- _Problem statement_
Please repeat only the lines below starting at the line that holds "Perfecto el PSG sin Messi ni Neymar" and ending at the line that holds "White Home Residence", exactly, with both of those lines included and every picture omitted.

- _Entries shown_
....

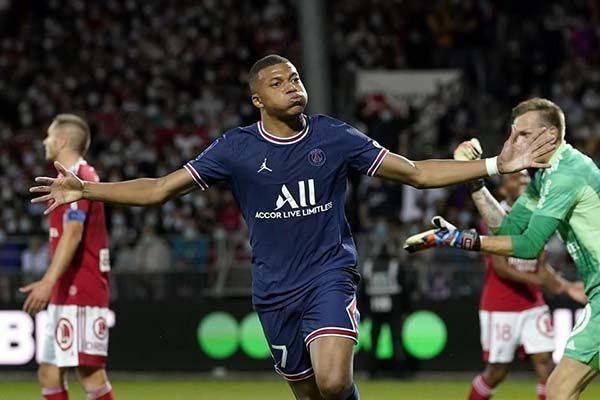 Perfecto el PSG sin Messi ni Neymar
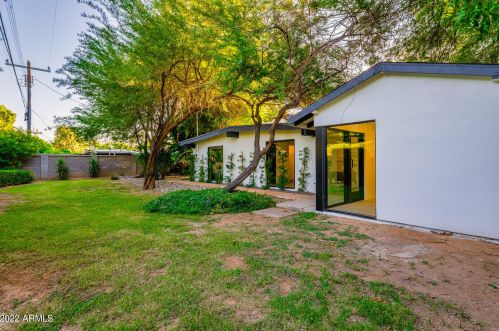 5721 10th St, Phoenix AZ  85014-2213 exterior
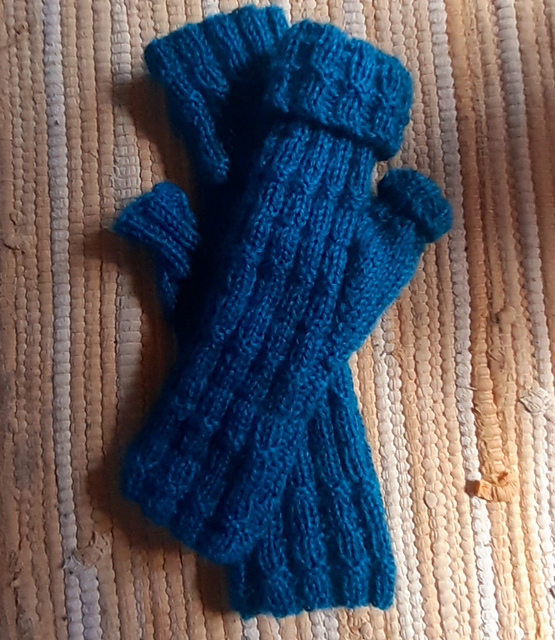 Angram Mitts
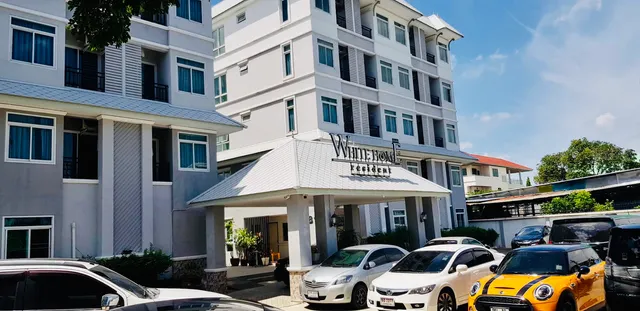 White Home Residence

....

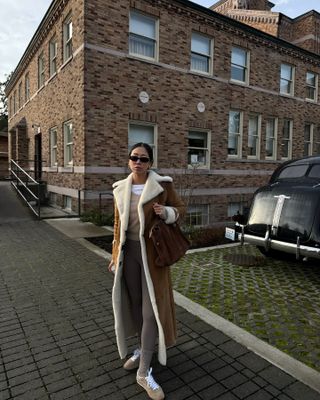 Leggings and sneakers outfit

....

- _Finished exercise_
 Perfecto el PSG sin Messi ni Neymar
 5721 10th St, Phoenix AZ  85014-2213 exterior
 Angram Mitts
 White Home Residence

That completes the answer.